Alta de gasto público pode reduzir crescimento
O economista-chefe da JF Trust, Eduardo Velho, declarou que as propostas em discussão pelo governo, como aumento de gastos públicos com programas sociais e parcelamento de precatórios, indicam a adoção de uma política fiscal expansionista. Em relatório distribuído aos clientes, ele afirmou que as ações do governo podem impactar negativamente a economia brasileira.
Como consequência do aumento dos gastos públicos, ele afirmou que os investidores podem retirar recursos do país, há risco de um aumento ainda maior de juros por parte do BC (Banco Central) e possível redução do ritmo de crescimento da economia.
"Os investidores podem exigir uma taxa de juros maior para comprar títulos públicos para financiar o país. O descontrole fiscal pode prejudicar a recuperação da economia brasileira. Tivemos várias sinalizações negativas nas últimas semanas que levaram ao debate sobre uma mudança do Ministério da Economia na direção de uma política fiscal expansionista", disse.
Riscos ainda não são realidade, diz economista
Em relatório divulgado para os clientes, o economista-chefe da XP, Caio Megale, analisou as medidas que poderiam ser consideradas expansionistas. Procurado, ele declarou que os fatos disponíveis até o momento não são suficientes para afirmar definitivamente que o governo passou a adotar uma política fiscal expansionista. Entretanto, ele declarou que essa discussão é importante para avaliar os efeitos práticos da política do Ministério da Economia.
"O debate atual é se governo flerta com o aumento de gastos e redução de impostos. Isso tornaria a política fiscal expansionista. Por enquanto, temos mais discussões do que algo concreto. Acho que faz sentido apontar os riscos mais do que dizer que estamos, de fato, nesse caminho", declarou.
Debate ocorre em entidades que defendem o liberalismo
A proposta do governo de adiar o pagamento de precatórios e de criar um novo programa social também tem sido debatida em entidades que defendem ideias liberais. O Instituto Millenium, que tem entre os fundadores o ministro Paulo Guedes, tem feito uma série de debates com especialistas em finanças públicas.
A entidade não divulgou um posicionamento oficial sobre o tema, mas os analistas ouvidos têm alertado que as duas medidas têm impactado negativamente os preços dos ativos no mercado. No caso do adiamento no pagamento dos precatórios, os analistas ouvidos pelo Millenium apontam que a medida pode ser considerada um calote.
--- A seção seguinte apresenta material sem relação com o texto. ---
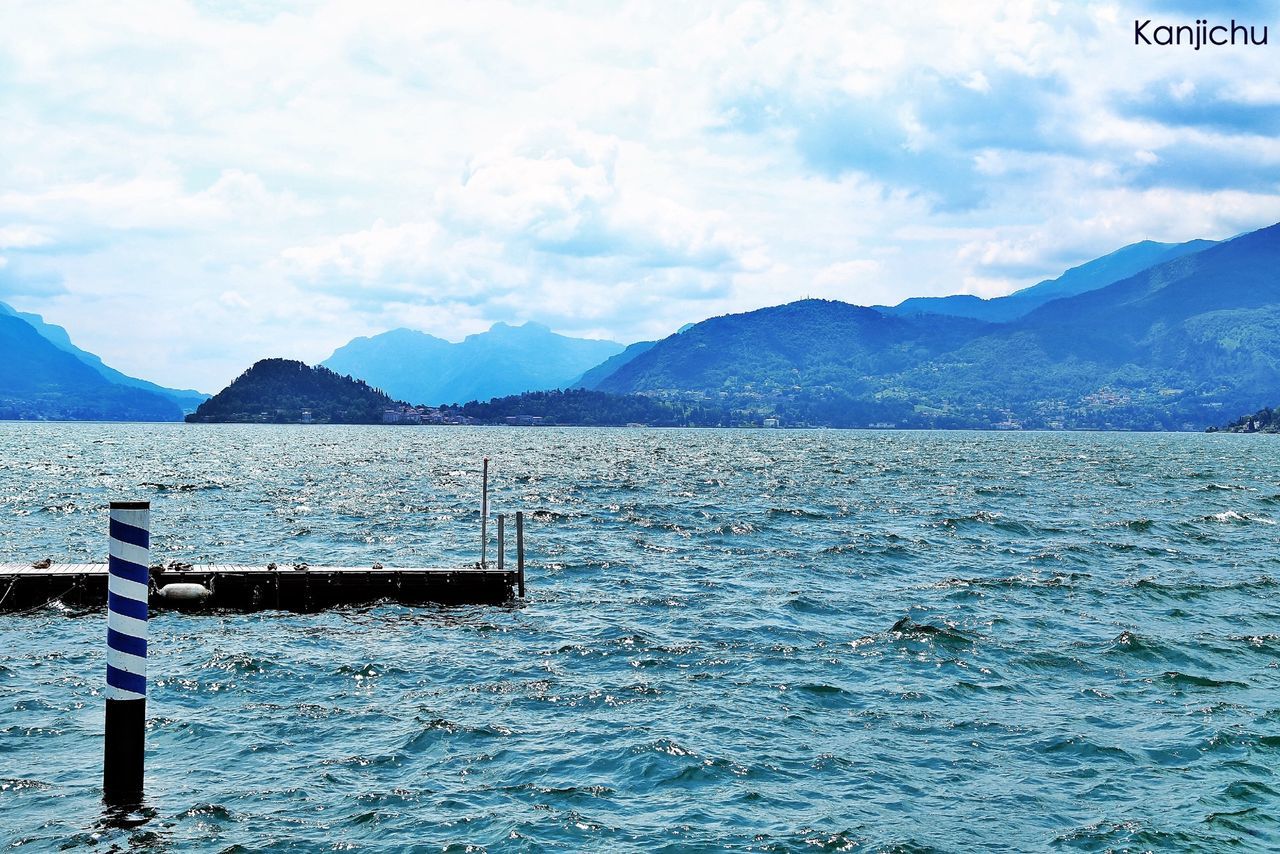 mountain, water, mountain range, waterfront, sky, sea, tranquil scene, rippled, scenics, tranquility, lake, beauty in nature, nature, nautical vessel, cloud - sky, transportation, cloud, boat, idyllic, day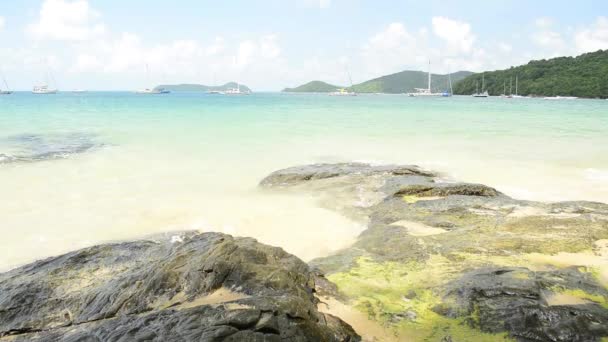Praia rochosa e arenosa bonita com água clara sob céu azul nublado, vista de baixo ângulo na Baía Ao Yon no mar andaman com iates em phuket, Tailândia
. - Filmagem, Vídeo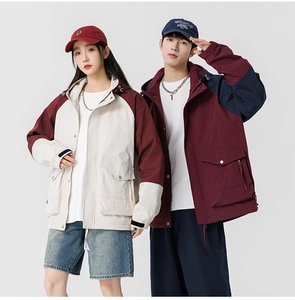 Detail of color-block windbreaker with adjustable velcro cuffs and multi-pocket design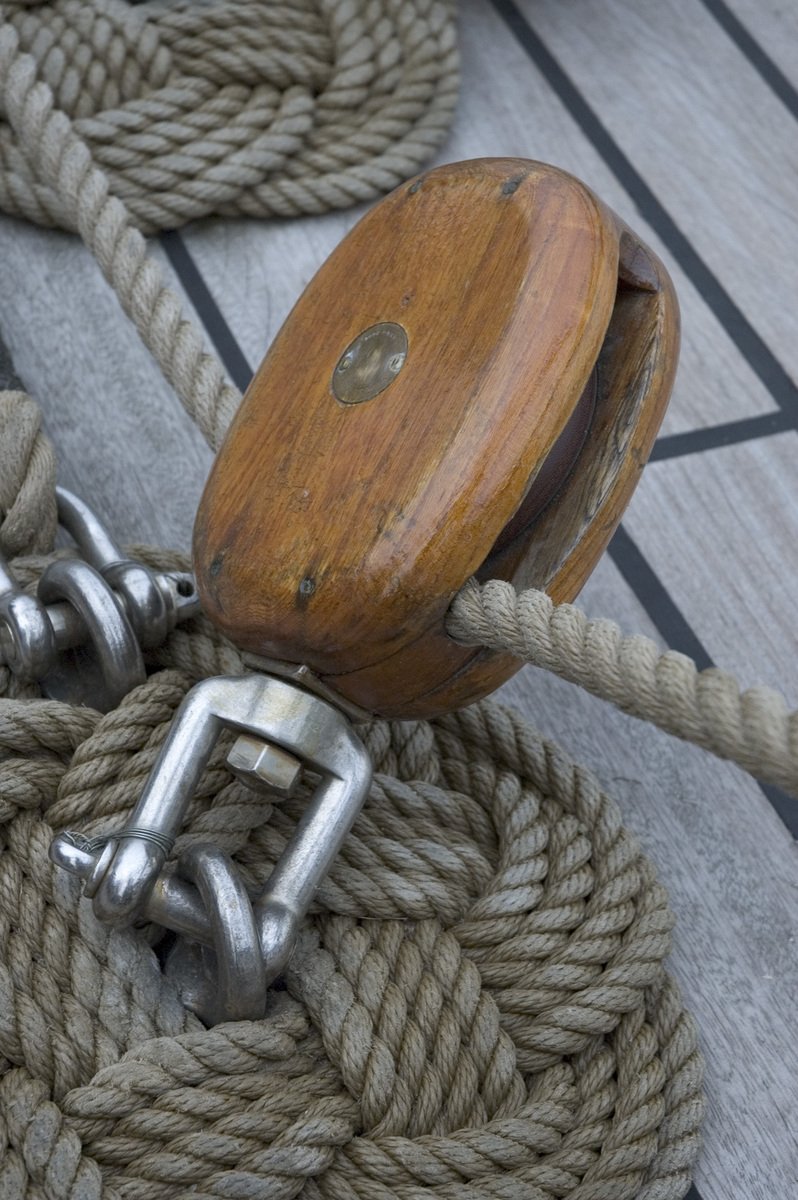 a wooden bell attached to ropes on a boat
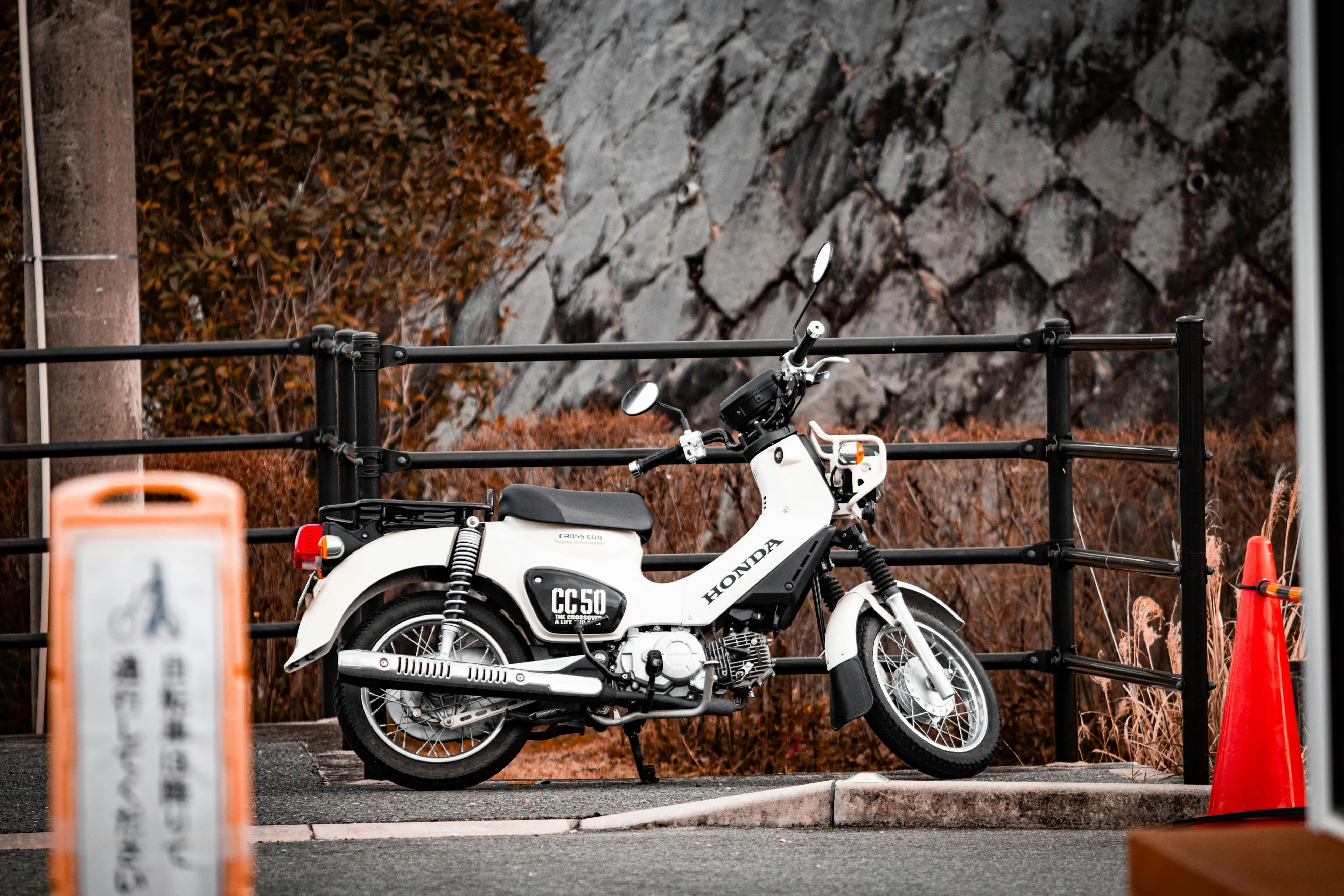 Classic White Honda Motorcycle Parked Outdoors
Guedes usa frase de caloteiro, diz economista
O economista Roberto Ellery, professor da UnB (Universidade de Brasília), declarou que o governo tem dado sinais claros de que pretende aumentar os gastos públicos.
Segundo ele, as propostas de reforma tributária, com queda na arrecadação, de aumento no valor do Bolsa-Família e reajuste no salário de servidores são exemplos de uma política fiscal expansionista.
Além de classificar o governo como "gastador", Ellery declarou que a equipe de Paulo Guedes abandonou o rigor fiscal ao propor o parcelamento dos precatórios, que são dívidas com empresas e pessoas reconhecidas após decisão judicial.
Segundo ele, a frase usada pelo ministro de que deve, não nega e paga quando puder, é tradicionalmente usada por "caloteiros".
"Essa proposta de parcelamento dos precatórios fora do teto de gastos é uma nova versão da contabilidade criativa. Eu defendo o teto de gastos, e há quem seja contrário. O governo deveria fazer um debate sério sobre possibilidades de mudanças nas regras do teto de gastos. E não criar exceções para enfraquecer o teto de gastos", disse.